:: Recorded data

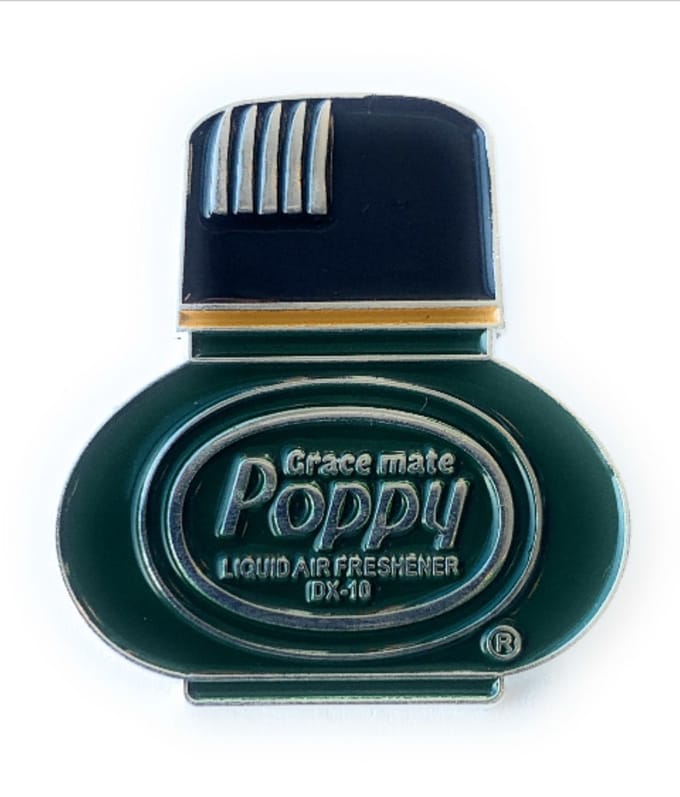 Poppy Grace Mate pin Pine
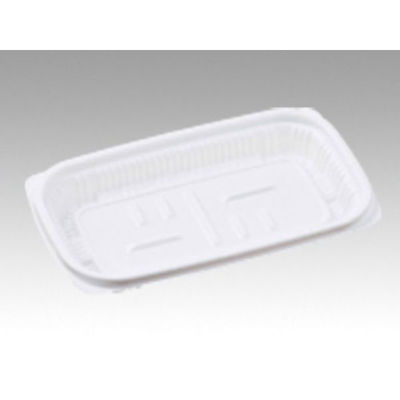 エフピコ 軽食容器 FT惣菜18-11(22)V 本体 白 79113830 1袋(50個)（直送品）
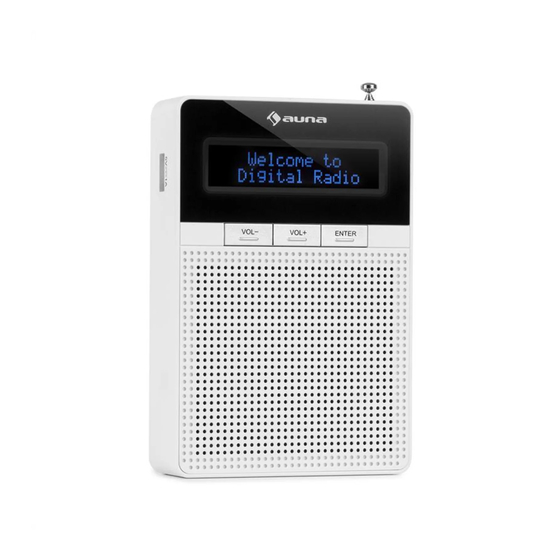 auna DigiPlug FM Manual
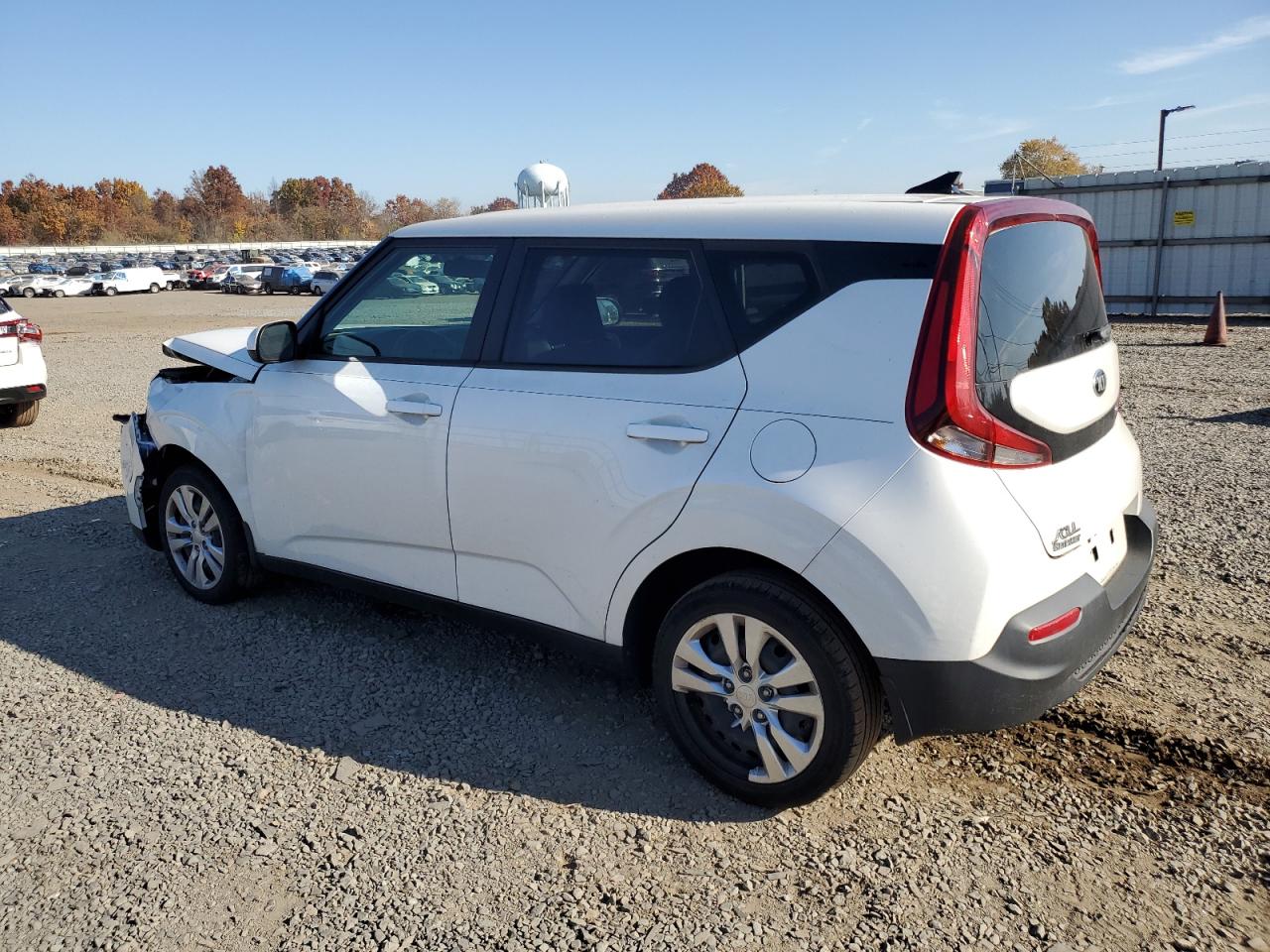 2020 KIA Soul VIN KNDJ23AU3L7711110 Copart auction photo, front end / undercarriage damage thumbnail 2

::::

Activity - Reproduce the material word for word, minus the images.

Answer to this problem -
 Poppy Grace Mate pin Pine
 エフピコ 軽食容器 FT惣菜18-11(22)V 本体 白 79113830 1袋(50個)（直送品）
 auna DigiPlug FM Manual
 2020 KIA Soul VIN KNDJ23AU3L7711110 Copart auction photo, front end / undercarriage damage thumbnail 2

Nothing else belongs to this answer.